== DATASET EXTRACT ==
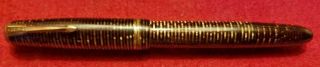 Vintage Parker Golden Pearl Vacumatic Major Fountain Pen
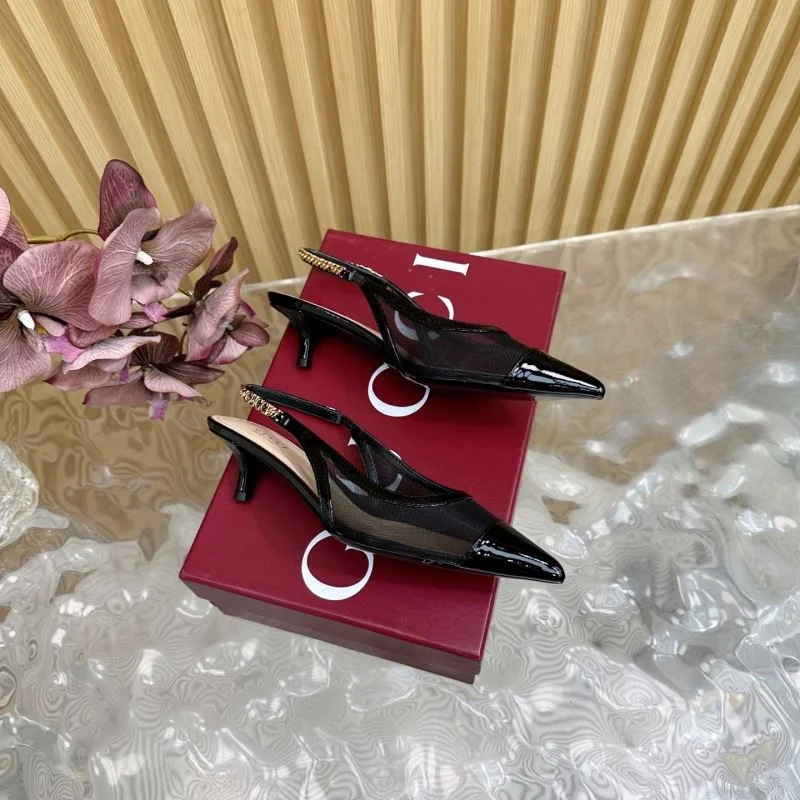 Gucci Sandals Flexible 24778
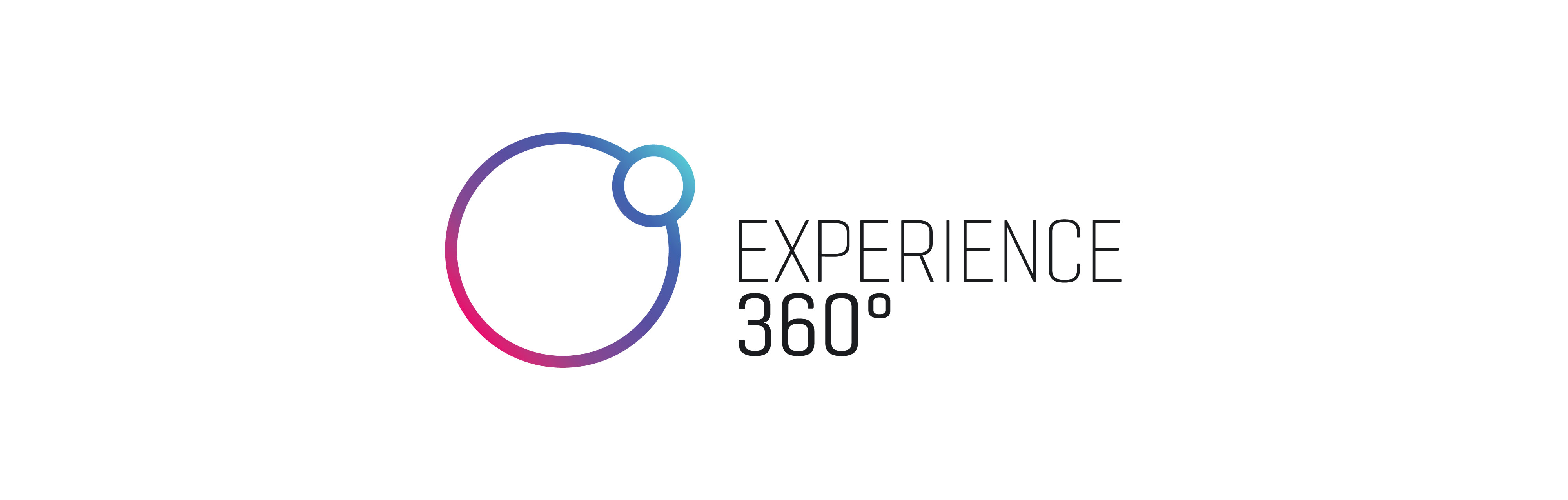 The Experience 360° Logo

== YOUR OBJECTIVE ==
I'd like the data above duplicated exactly, with no pictures included.

== EXERCISE RESULT ==
 Vintage Parker Golden Pearl Vacumatic Major Fountain Pen
 Gucci Sandals Flexible 24778
 The Experience 360° Logo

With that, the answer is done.